Q1. In order to predict house price based on several characteristics, such as location, square footage,
number of bedrooms, etc., you are developing an SVM regression model. Which regression metric in this
situation would be the best to employ?

For predicting house prices using an SVM regression model, **Mean Absolute Error (MAE)** or **Root Mean Squared Error (RMSE)** are commonly used metrics:

- **MAE (Mean Absolute Error):** Measures the average magnitude of errors in predictions, without considering their direction. It is less sensitive to outliers.

  \[
  \text{MAE} = \frac{1}{N} \sum_{i=1}^{N} | y_i - \hat{y}_i |
  \]

- **RMSE (Root Mean Squared Error):** Measures the square root of the average of the squared differences between actual and predicted values. It penalizes larger errors more heavily than MAE.

  \[
  \text{RMSE} = \sqrt{\frac{1}{N} \sum_{i=1}^{N} (y_i - \hat{y}_i)^2}
  \]

**Choosing Between MAE and RMSE:**

- **MAE** is preferred if you want a metric that is more robust to outliers.
- **RMSE** is useful if larger errors are particularly undesirable and you want to penalize them more heavily.
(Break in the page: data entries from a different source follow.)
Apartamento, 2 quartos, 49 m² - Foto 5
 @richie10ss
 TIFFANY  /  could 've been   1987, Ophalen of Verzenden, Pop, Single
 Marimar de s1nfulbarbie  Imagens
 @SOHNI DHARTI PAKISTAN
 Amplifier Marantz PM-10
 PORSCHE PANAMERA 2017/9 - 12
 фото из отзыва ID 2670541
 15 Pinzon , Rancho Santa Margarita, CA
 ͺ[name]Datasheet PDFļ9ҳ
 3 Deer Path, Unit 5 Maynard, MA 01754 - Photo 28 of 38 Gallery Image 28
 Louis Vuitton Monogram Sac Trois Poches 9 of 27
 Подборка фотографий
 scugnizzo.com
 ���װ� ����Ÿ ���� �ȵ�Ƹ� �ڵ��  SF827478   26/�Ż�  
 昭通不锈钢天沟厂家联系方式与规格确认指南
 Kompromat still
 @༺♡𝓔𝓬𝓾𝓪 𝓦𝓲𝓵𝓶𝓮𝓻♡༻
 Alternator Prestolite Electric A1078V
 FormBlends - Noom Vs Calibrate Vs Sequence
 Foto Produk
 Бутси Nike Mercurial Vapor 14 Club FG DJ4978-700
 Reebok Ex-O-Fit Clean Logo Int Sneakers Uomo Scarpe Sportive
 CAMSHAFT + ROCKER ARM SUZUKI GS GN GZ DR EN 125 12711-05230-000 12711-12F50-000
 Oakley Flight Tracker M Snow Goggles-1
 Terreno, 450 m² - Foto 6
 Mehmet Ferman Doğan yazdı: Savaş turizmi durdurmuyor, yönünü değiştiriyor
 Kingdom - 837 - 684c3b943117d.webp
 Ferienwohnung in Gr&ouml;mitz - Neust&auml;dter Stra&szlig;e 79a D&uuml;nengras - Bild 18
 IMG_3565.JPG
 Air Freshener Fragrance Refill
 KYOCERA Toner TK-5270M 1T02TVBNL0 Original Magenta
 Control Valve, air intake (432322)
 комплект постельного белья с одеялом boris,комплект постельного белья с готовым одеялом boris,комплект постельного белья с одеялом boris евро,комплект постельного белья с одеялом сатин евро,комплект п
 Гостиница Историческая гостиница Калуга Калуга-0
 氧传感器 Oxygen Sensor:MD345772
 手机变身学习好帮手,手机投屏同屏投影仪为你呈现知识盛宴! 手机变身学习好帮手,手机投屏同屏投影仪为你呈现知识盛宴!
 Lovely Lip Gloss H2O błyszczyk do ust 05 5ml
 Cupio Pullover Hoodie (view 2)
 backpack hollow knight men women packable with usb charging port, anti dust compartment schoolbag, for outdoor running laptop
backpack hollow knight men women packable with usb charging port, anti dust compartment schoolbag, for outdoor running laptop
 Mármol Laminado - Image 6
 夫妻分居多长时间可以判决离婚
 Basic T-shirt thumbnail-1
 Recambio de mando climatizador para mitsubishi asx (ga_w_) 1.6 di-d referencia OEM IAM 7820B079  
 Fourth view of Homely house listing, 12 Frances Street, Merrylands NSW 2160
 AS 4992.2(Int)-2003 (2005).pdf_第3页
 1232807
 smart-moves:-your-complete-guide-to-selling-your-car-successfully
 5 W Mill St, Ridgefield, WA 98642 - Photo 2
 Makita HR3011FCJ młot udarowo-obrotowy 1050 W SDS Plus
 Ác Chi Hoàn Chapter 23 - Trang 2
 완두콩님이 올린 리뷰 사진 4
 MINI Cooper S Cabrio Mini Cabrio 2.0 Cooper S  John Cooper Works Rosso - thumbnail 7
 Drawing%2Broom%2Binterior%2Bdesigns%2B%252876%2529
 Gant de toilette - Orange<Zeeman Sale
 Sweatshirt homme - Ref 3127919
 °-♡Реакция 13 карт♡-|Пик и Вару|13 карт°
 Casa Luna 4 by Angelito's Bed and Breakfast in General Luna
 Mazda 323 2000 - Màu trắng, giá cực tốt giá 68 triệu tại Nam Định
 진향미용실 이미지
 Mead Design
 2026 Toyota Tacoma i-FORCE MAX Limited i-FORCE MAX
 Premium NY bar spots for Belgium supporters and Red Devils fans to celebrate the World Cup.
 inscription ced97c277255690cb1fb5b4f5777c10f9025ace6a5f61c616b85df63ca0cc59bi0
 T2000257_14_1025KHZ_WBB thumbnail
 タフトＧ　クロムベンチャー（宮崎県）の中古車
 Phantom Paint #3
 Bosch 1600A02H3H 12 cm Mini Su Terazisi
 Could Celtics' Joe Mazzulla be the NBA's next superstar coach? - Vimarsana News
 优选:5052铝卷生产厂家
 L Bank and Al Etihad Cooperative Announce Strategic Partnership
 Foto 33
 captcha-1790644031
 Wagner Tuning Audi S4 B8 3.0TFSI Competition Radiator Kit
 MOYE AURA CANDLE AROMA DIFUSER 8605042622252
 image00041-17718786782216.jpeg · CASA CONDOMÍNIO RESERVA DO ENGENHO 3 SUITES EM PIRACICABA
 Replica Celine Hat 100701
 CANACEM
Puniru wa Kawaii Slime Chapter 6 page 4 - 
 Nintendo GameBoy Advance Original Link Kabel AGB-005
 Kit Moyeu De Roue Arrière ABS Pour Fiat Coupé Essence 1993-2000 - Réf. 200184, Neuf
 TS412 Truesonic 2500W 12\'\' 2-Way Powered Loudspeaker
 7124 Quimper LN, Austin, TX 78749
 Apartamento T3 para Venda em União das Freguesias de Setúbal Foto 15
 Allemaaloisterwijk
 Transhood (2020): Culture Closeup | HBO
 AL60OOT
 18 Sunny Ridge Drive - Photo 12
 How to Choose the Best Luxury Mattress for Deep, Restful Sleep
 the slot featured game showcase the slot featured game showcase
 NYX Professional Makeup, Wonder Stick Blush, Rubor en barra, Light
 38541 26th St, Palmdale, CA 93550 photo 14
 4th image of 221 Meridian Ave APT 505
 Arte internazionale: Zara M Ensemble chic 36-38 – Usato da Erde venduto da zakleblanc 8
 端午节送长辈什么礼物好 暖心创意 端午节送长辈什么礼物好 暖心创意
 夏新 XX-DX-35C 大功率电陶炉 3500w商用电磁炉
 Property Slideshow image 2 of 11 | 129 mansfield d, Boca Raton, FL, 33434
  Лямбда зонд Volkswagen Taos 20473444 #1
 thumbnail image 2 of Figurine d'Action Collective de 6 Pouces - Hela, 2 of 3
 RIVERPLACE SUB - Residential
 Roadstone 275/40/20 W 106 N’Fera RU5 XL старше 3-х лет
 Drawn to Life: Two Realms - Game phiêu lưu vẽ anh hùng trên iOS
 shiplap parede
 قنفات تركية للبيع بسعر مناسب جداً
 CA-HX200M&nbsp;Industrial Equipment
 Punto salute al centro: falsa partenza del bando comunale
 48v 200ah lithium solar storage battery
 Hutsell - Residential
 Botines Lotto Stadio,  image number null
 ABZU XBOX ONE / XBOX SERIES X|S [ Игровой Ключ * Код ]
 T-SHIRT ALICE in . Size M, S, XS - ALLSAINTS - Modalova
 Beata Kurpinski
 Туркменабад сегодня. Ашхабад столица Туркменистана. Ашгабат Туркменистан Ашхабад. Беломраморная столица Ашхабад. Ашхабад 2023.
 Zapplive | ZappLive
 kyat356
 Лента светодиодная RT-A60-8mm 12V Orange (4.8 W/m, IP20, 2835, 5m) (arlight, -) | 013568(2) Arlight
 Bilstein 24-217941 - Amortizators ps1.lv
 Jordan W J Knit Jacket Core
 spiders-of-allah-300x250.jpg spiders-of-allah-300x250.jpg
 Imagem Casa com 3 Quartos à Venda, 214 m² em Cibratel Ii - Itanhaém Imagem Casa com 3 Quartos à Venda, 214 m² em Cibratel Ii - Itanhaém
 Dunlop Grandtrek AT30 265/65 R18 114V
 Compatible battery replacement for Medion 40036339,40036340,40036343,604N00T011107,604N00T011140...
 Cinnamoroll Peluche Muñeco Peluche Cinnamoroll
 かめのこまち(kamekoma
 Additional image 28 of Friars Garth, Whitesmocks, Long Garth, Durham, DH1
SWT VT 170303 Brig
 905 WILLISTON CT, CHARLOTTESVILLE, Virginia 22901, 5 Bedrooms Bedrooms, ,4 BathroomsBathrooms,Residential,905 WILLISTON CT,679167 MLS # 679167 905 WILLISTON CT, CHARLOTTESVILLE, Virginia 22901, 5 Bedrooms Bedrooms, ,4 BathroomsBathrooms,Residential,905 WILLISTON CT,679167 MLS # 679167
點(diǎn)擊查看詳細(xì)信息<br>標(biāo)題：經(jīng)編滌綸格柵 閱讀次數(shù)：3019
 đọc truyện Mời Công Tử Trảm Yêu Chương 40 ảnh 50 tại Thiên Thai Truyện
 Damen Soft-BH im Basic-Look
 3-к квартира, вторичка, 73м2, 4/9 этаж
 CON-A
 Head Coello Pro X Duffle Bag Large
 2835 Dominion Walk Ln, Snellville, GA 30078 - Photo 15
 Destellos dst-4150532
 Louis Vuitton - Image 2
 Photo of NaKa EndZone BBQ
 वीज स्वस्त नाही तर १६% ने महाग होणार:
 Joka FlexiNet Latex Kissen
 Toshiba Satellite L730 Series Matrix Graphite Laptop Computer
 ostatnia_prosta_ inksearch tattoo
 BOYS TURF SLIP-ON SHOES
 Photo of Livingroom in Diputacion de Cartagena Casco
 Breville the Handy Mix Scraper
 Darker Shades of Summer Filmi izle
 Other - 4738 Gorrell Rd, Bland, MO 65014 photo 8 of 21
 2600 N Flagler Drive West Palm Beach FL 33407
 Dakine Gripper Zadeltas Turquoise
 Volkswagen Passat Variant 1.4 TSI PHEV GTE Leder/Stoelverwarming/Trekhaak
Q2. You have built an SVM regression model and are trying to decide between using MSE or R-squared as
your evaluation metric. Which metric would be more appropriate if your goal is to predict the actual price
of a house as accurately as possible?

If your goal is to predict the actual price of a house as accurately as possible, **Mean Squared Error (MSE)** would be more appropriate.

**Reason:**

- **MSE (Mean Squared Error):** Provides a direct measure of the average squared difference between actual and predicted values. It is sensitive to larger errors, which helps to minimize prediction errors in absolute terms.

  \[
  \text{MSE} = \frac{1}{N} \sum_{i=1}^{N} (y_i - \hat{y}_i)^2
  \]

**R-squared** is a relative measure that indicates the proportion of variance explained by the model but does not provide a direct measure of prediction accuracy. Therefore, MSE is preferred for directly evaluating prediction accuracy.

Q3. You have a dataset with a significant number of outliers and are trying to select an appropriate
regression metric to use with your SVM model. Which metric would be the most appropriate in this
scenario?

In the presence of significant outliers, **Mean Absolute Error (MAE)** is the most appropriate regression metric to use.

**Reason:**

- **MAE (Mean Absolute Error):** Measures the average magnitude of errors in predictions without squaring them, making it less sensitive to outliers compared to metrics like MSE or RMSE. This helps provide a more robust evaluation when outliers are present.

  \[
  \text{MAE} = \frac{1}{N} \sum_{i=1}^{N} | y_i - \hat{y}_i |
  \]

Q4. You have built an SVM regression model using a polynomial kernel and are trying to select the best
metric to evaluate its performance. You have calculated both MSE and RMSE and found that both values
are very close. Which metric should you choose to use in this case?

When MSE and RMSE values are very close, **Root Mean Squared Error (RMSE)** is generally the better choice to evaluate your SVM regression model.

**Reason:**

- **RMSE (Root Mean Squared Error):** Provides error measurements in the same units as the target variable (e.g., house prices), making it more interpretable and directly comparable to the actual values. It also penalizes larger errors more, which can be useful if minimizing large errors is important.

  \[
  \text{RMSE} = \sqrt{\frac{1}{N} \sum_{i=1}^{N} (y_i - \hat{y}_i)^2}
  \]

Q5. You are comparing the performance of different SVM regression models using different kernels (linear,
polynomial, and RBF) and are trying to select the best evaluation metric. Which metric would be most
appropriate if your goal is to measure how well the model explains the variance in the target variable?

If your goal is to measure how well the model explains the variance in the target variable, **R-squared (Coefficient of Determination)** would be the most appropriate evaluation metric.

**Reason:**

- **R-squared:** Indicates the proportion of variance in the target variable that is explained by the model. It provides a relative measure of how well the model fits the data compared to a baseline model (e.g., mean of the target variable).

  \[
  R^2 = 1 - \frac{\sum_{i=1}^{N} (y_i - \hat{y}_i)^2}{\sum_{i=1}^{N} (y_i - \bar{y})^2}
  \]

R-squared helps you understand the effectiveness of different kernels in capturing the variability in the target variable, making it suitable for comparing model performance in terms of variance explanation.